Algo similar ocurre cuando se analiza, por ejemplo, la relación entre las vanguardias de los sesenta –el pop, Fluxus, etc.– y las vanguardias latinoamericanas. Aquí también hay un esfuerzo por establecer semejanzas (la apuesta por cierta desmaterialización, por el proceso y la experiencia en lugar del objeto; la relación con la cultura de masas, etc.) y proponer diferencias (el pop norteamericano politiza el consumo mientras que las vanguardias del Cono Sur estarían en un diálogo más frontal con los proyectos de transformación política). Sin embargo, de un modo o de otro, lo latinoamericano no deja de ser, en el peor de los casos, una manifestación puramente epigonal y, en el mejor, la “variante” de una suerte de fenómeno central u “originario”. Siguiendo a Luis Camnitzer y Nelly Richard, David Joselit propone aquí un modelo de interpretación que coloca en el centro de la tarea de las vanguardias latinoamericanas de la segunda parte del siglo XX, la producción de formas de experimentar e intervenir en los sistemas políticos a través de una crítica al autoritarismo y a las violencias de estado o que las piensa como agente constructor de la sociedad civil.
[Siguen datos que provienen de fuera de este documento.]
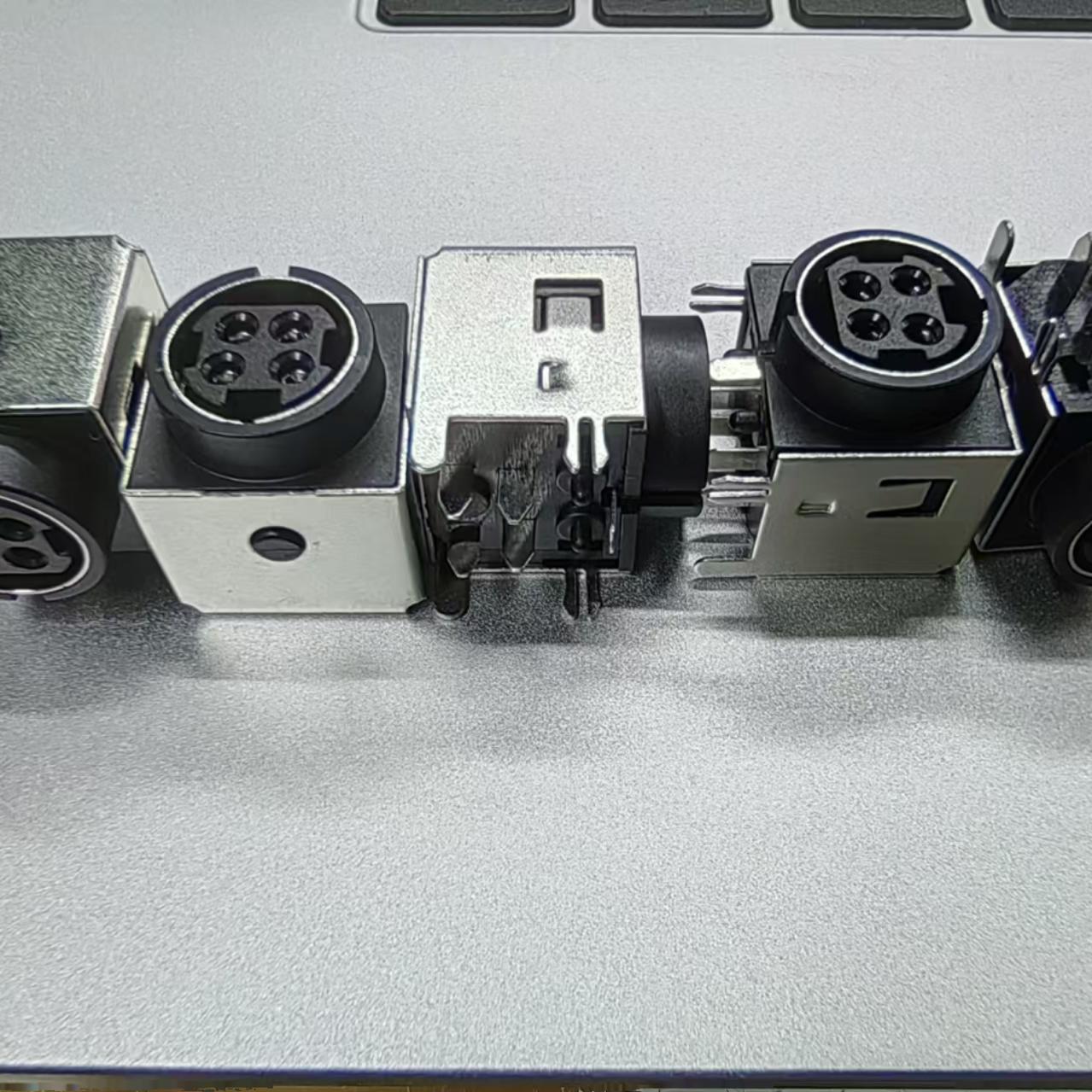 KPJX直流电源连接器KPJX-4S-S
Tal vez el modelo no es demasiado preciso y puede objetarse usando muchísimos ejemplos en los que los artistas tuvieron que apropiarse de dos tradiciones que le eran ajenas (lo que Joselit atribuye a India, África y Australia) u otros casos en los que el arte quiere ser una herramienta (el ejemplo más obvio sería el peruano Jesús Ruiz Durand) al servicio de la construcción del Estado o de una cultura de masas progresista (lo que correspondería a China / Rusia).